• _SUPPLIED MATERIAL_
Start of Block

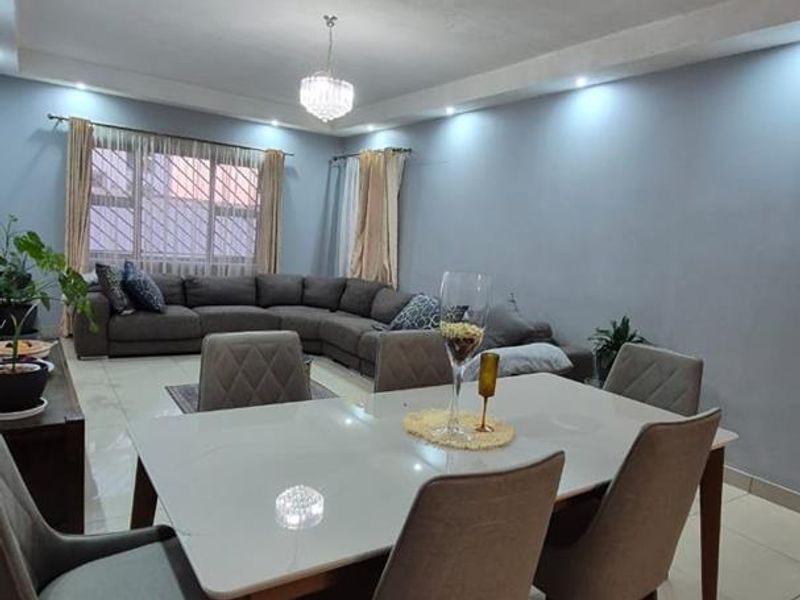 An open-plan living and dining area featuring tiled flooring, recessed downlighting, and a central crystal chandelier, creating a bright and functional living space.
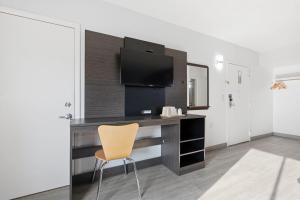 a desk with a television and a chair in a room at Motel 6-Washington, DC in Washington, D.C.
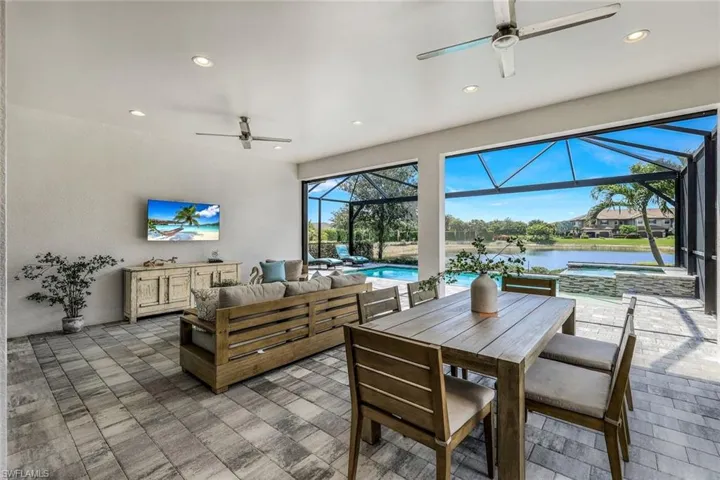 Dining room with a water view and ceiling fan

End of Block

• _YOUR OBJECTIVE_
Word for word, retype the lines from the one that contains "a desk with" through the final line of the data, both ends included, excluding pictures.

• _FINISHED TASK_
 a desk with a television and a chair in a room at Motel 6-Washington, DC in Washington, D.C.
 Dining room with a water view and ceiling fan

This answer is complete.